Scott Sterling, 43, menjalankan bisnis perawatan kebun, sementara Lauren, yang dulunya seorang perekrut, kini sibuk bekerja di rumah. Dia mengakui uangnya terbatas, tapi hal itu tidak membuat dia putus asa.

“Jadi kami makan banyak spageti jika perlu,” katanya. “Jadi saya tidak membeli jeans mahal. Itu adalah alasan bodoh untuk tidak menerima anak-anak ini.”

Saat keluarga Sterling berada di Peru untuk menerima anggota terbaru dari keluarga, tetangga, dan teman mereka, banyak dari anggota Gereja Gateway, tempat Scott menjadi pendeta rekanan, pergi bekerja di rumah mereka dengan merenovasi kamar tidur, Betsi yang berusia 12 tahun dan 9 -Siblia yang berusia satu tahun akan pulang.

“Orang-orang mengecat tempat tidur, orang-orang membingkai gambar — Maksud saya, orang-orang membuat kamar anak perempuan terlihat seperti mereka sudah tinggal di sini selama bertahun-tahun. Senang rasanya bisa menyadari hal itu,” kata Lauren kepada FoxNews.com.

Masyarakat berkumpul di sekitar keluarga untuk membuat kepulangan mereka istimewa. Dapurnya penuh dengan bahan makanan, lemari esnya penuh dengan makanan, dan garasinya penuh dengan kantong plastik dan wadah untuk makan siang sekolah.
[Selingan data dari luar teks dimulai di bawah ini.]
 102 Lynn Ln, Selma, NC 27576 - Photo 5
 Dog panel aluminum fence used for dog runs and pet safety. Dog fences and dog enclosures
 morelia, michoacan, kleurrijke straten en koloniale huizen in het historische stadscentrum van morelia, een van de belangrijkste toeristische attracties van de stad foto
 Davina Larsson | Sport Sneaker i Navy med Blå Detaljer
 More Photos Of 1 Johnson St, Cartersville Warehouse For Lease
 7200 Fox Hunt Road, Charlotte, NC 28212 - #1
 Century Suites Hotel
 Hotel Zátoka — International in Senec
Kejutan lain yang dialami keluarga itu adalah salju. Ini adalah pertama kalinya anak-anak baru mereka melihat salju, apalagi bermain di dalamnya. Lauren mengatakan mereka menyukainya dan menyukai kehidupan baru mereka, bahkan pergi ke sekolah.
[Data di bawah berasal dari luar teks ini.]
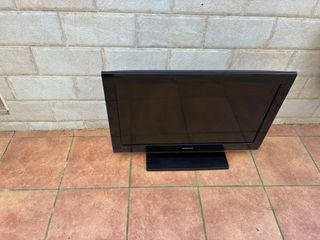 Televisor Samsung 32 Negro La botonera desplazada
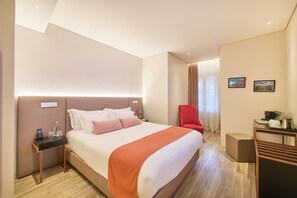 Executive Double or Twin Room | Minibar, in-room safe, soundproofing, free WiFi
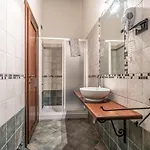 Nyaraló 8 Bedroom Pet Friendly In Ar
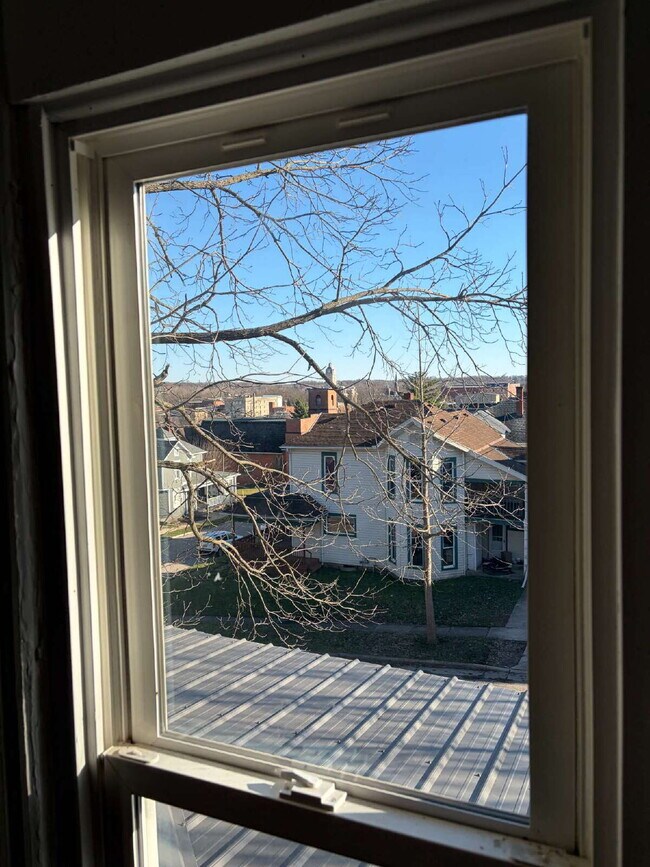 Building Photo - Completely Remodeled 3-Bedroom Home – Move-In Ready in Great Sidney Neighborhood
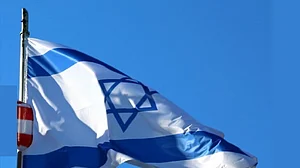 ایران-امریکہ مذاکرات کے درمیان روس نے 40 اسرائیلیوں کو حراست میں لیا، کھانا-پانی کے ساتھ ساتھ رفع حاجت سے بھی روکا!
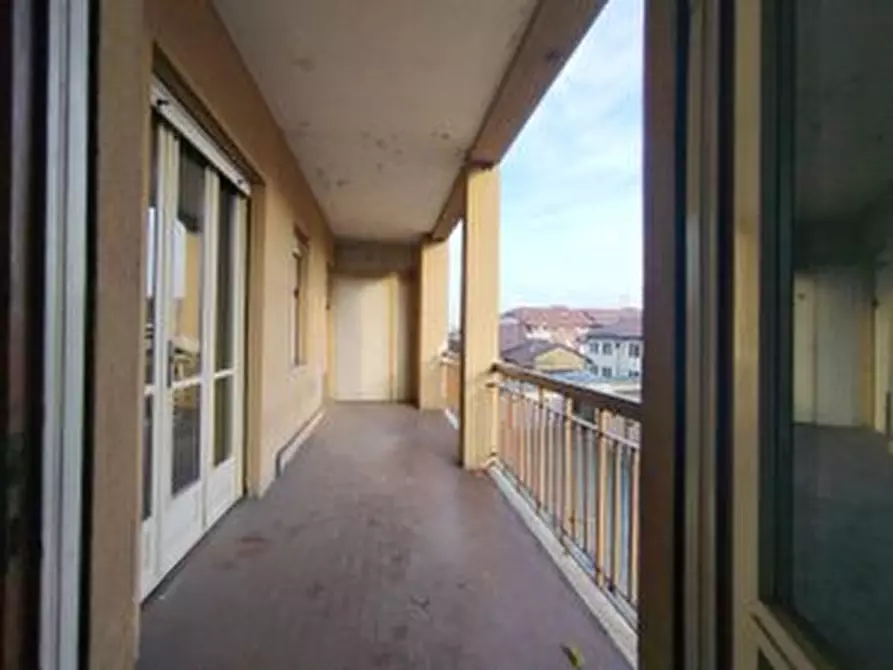 Immagine 16 di Appartamento in vendita  in Corso Galileo Ferraris 4 a Chivasso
“Anak-anak ini luar biasa. Mereka mempunyai sikap yang baik,” kata ibu tujuh anak ini dengan bangga. “Tidak ada yang melawan saya untuk kembali ke sekolah pada hari kedua. Semua orang sudah bangun dan siap, pancuran dinyalakan sendiri. Jadi sikap mereka membuat transisi menjadi satu miliar kali lebih mudah.”

Kini keluarga tersebut bersiap untuk pindah ke rumah yang lebih besar di dekatnya sehingga mereka semua dapat tinggal dengan lebih nyaman. Namun anak-anak merasa khawatir dengan perpindahan tersebut.

“Hal terbesar mereka adalah, bolehkah kami mengambil alih matras? Sungguh menakjubkan hal-hal yang membuat mereka tertarik namun berbeda bagi mereka – yaitu karpet dan TV. Bolehkah kami mengambil TV dan karpetnya?” Lauren berkata sambil tertawa.

Meskipun tahun ini merupakan tahun yang penuh gejolak dan penuh dengan banyak perubahan, Lauren berkata bahwa pengalaman ini telah mengajari mereka banyak hal dan memungkinkan orang lain melihat apa yang bisa terjadi jika Anda percaya.

“Ini tentang orang-orang yang melihat bahwa hal itu mungkin terjadi – yang satu, mengadopsi anak yang lebih besar tidak seseram yang dipikirkan semua orang, dan yang kedua, bahwa melakukan apa yang Tuhan minta itu layak dilakukan, bahkan ketika itu terlihat gila.”